Twenty-five years ago, landowners in Quitman County, Mississippi took action – one even the state conservationist with USDA’s Natural Resources Conservation Service (NRCS) at the time didn’t think they’d take. Fast forward to 2018, and thousands of other landowners have joined in.
That action was placing their land into wetland easements.
Back in late 1992 and early 1993, Mississippi landowners in the Delta region decided to work with NRCS to enroll parts of their land that were too wet to farm into wetland easements funded through the Farm Bill. That easement was the very first for NRCS and started the momentum for 25 years of protecting wetlands and critical agricultural lands.
“I didn’t think the farmers in the Delta would plant their land back regardless of how wet it was, because they had just spent money clearing it up. But, boy, was I wrong,” said former NRCS Mississippi State Conservationist Pete Heard. “We had several applicants that put their land in. We were amazed at the amount of work we had in that county.”
“Once they got rid of their wettest, worst land, it improved their operations quite significantly because they were farming their best land – they didn’t have to go back in and replant or lose crops,” Heard said.
Hot off the heels of the first easement, was the second one in Decatur County, Iowa. Roughly 60 acres of floodplains were placed into a wetland easement. This wetland, adjacent to a river and two creeks, provided flood relief for the town of Leon and wildlife habitat for many species.
Benefits of Wetlands
Wetlands improve water quality downstream, protect nearby towns from flooding, enhance and protect wildlife habitat and provide outdoor recreational and educational opportunities.

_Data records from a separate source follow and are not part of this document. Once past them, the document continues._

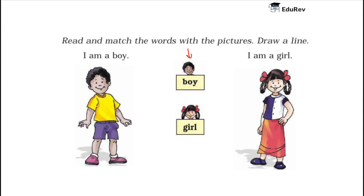The first word is Boy. This one here on the left hand side is a boy. He is having short hair. So we will draw a line here.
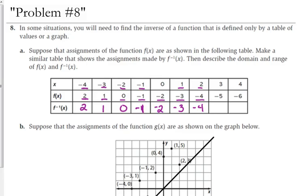We can't really do anything for those last two because we don't have enough information — if we were to switch these, the x value of the inverse would be negative 5, and we don't have negative 5 on our table with any of the x values. So that's all we can fill in. This looks like an example of a function that is its own inverse, because the y values of the original function are the same as the y values for the inverse. So we can fill in those last two blocks based on the trend we are seeing.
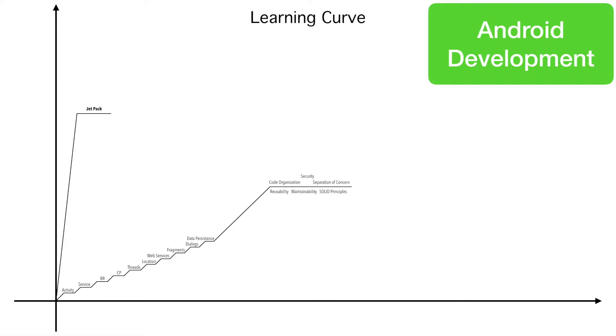And after learning that, you will reach a plateau where you will start worrying about few of the questions that a very good programmer will start worrying about. How should I organize my code? How to make the application more secure? How to achieve a better separation of concern?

Wetlands are important to protect because, although they only cover about five percent of the continental U.S., a half of all North American bird species utilize wetlands for feeding or nesting while more than one third of all threatened or endangered species are dependent on wetland habitat. Wetlands also play host to nearly one-third of our plant species on Earth.
Since the early 90s, NRCS easement programs have been extremely popular, especially in the south. Louisiana, Mississippi and Arkansas recently celebrated the protection of 700,000 wetland acres. In fact, the restoration of wetlands in these states were critical to the recovery of the Louisiana black bear.
Farm Bill-funded conservation easements came about as this species was in peril, and over the past 25 years, they have enabled the species to fully recover. When the U.S. Fish and Wildlife Service removed the Louisiana black bear from the list of threatened and endangered species in 2016, the agency credited the work of private landowners using easements as the main reason for the bear’s recovery.
Other Easement Options
Wetland easements are just one type of easement offered by the Farm Bill. Expanding development and population pressures pose a threat to keeping farmland in agricultural production. To address this threat, NRCS offers easements to agricultural producers to protect working croplands and grasslands. These easements protect the long-term viability of the nation’s food supply by preventing conversion of productive working lands to non-agricultural uses. They also help keep lands in family hands while providing an enhanced opportunity to keep productive land available for entry into farming through increased availability of affordable land for young, beginning, veteran and under-represented farmers.
4.4 Million Acres Protected
Working together, NRCS, partners and landowners have come a long way since that first wetland conservation easement in Quitman County. NRCS worked with landowners to protect more than 4.4 million acres of wetlands and agricultural lands, a value of over a billion dollars in a diversified real estate portfolio that has resulted in improved soil health, water and air quality and wildlife habitat. Those lands have 50,000 miles of property boundaries, which would stretch twice around the earth.
In 2018, NRCS is celebrating 25 years of conservation easements: celebrating landowners and producers that want to leave the land better than they found it for their children and grandchildren; celebrating farmers being able to keep their working lands working for the millions of Americans and people around the world that depend on the fruits of their labor; and celebrating the power of voluntary private lands conservation.